Predicts the source of bacterial strains based on their accessory genes.
The AB_SA ("Accessory-based source attribution") method aims at attributing the origin of bacterial strains associated to human cases or isolated in environment. AB_SA method relies on accessory genes and multinomial logistic model. AB_SA uses as input a list of enriched genes in the sources, it trains and tests the multinomial logistic model and can predict from genomes of unkown strains the membership probabilities to the sources.
The pangenome of the strains (both strains from the sources and the strains to attribute) included in the study should be determined. The AB_SA method parses the .Rtab produced by Roary.
In order to know which genes were enriched in each host groups, Scoary is used. Scoary takes the gene_presence_absence.csv file from Roary as well as a traits file reporting the source associated to each strains. The following code was applied to determine the genes that are enriched in which sources.
scoary -g ./DE_pangenome_default/gene_presence_absence.csv -t ./DE_scoary/DE_scoary_trait.csv -p 1E-2 -c I --no_pairwise --collapse
The --no_pairwise flag is used for enrichment. The --collapse flag was used to regroup the genes which have the same pattern of distribution in the sources (a single gene, the first of the groups is then taken into accoiunt by AB_SA method) . The naive p-value is used to show the genes most overrepresented in a specific source. A threshold p-value of 0.01 is used. To reduce or increase the number of genes to be used by AB_SA method threshold user can modify the threshold p-value. Association of sources and genes are then carried out by the multinomial model.
A script (https://github.com/lguillier/AB_SA/blob/master/R/CreateInputMNL.r) was developped to prepare i) the input file for multinomial logistic model training/testing/fitting and ii) the input file for predicting the source of unknwon strains. The user has to provide the file name of the scoary trait file and the .Rtab file name of the gene presence/absence output from roary. The user defines the maximal number genes to include per source (maxGenes). The genes are chosen according to their rank (i.e. lower p-values).
CreateInputMNL(traitfile="DE_scoary_trait.csv",roary_Rtab="gene_presence_absence.Rtab",maxGenes=10)
The function thus produces:
- a file (default name "mnl_input_n.csv" where n is the number of genes selected) for fitting multinomial logistic model,
- a file (default name "predict_sporadic.csv") used for determining the probability of association the source of unknown strains (sporadic human strains or environmental strains)
In order to assess the performance of the multinomial model with the enriched genes, a random splitting of data into training set (default value percent_cross= 70% for building a predictive model) and test set (1-percent_cross for evaluating the model) is carried out. The radonm splitting is carried out nboot times (default nboot=100)
testedMNL<-MNLTrainTest("mnl_input_0.csv",percent_cross=0.70,nboot=100)

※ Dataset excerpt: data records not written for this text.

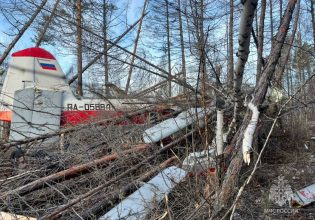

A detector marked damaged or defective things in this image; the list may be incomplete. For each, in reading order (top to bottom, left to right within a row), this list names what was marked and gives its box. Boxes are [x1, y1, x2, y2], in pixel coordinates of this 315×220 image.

damaged metal panel [9, 87, 62, 141]
damaged metal panel [100, 166, 186, 219]
damaged metal panel [292, 184, 315, 208]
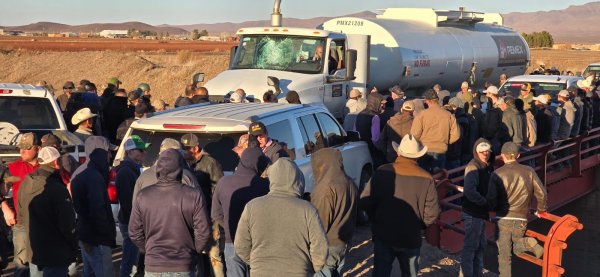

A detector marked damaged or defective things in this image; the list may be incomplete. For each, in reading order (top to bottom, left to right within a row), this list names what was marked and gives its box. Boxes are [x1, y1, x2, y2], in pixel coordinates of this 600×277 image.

shattered windshield [232, 34, 326, 73]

The MNLTrainTest() function returns the accuracy values of the model according to the different training/testing sets. More precisely the quantiles of bootstrap values of global accuracy, the median of balanced accuracies (one per source) for both accounting to unbalanced dataset and for exploring model performance for each source.
# Explore the outputs:
#[[1]] quantiles describing bootstrap accuracies,
testedMNL[[1]]
#[[2]] median of balanced accuracies for each source
testedMNL[[2]]
#[[3]] ksdensity of bootstrap accuracies
testedMNL[[3]]
Once the most appropriate model (i.e. after testing different maxGenes and selecting the best model based on accuracy obtained on the test sets) the multinomial logistic model can be fitted on the full input dataset with MNLFit function.
final.trained<-MNLFit("mnl_input_0.csv")
The AIC value is used as a way to compare different models (in order to prevent overfitting).
final.trained$AIC
Finally, the source membership probabilities of strains with unknown origin are estimated with MNLPredict.
predict.unknown<-MNLPredict("predict_sporadic.csv",final.trained)
write.table(file="predicted_sources.csv",predict.unknown,sep=";")
barplot(t(predict.unknown),legend=row.names(t(predict.unknown)),args.legend = list(x='right',bty='n',inset=c(-0.1,0),xpd=TRUE),xlim = c(0,45),cex.names = 0.7,xlab="Environnemental strains",ylab = "Membership probabilities")
AB_SA is freely available under a GPLv3 license.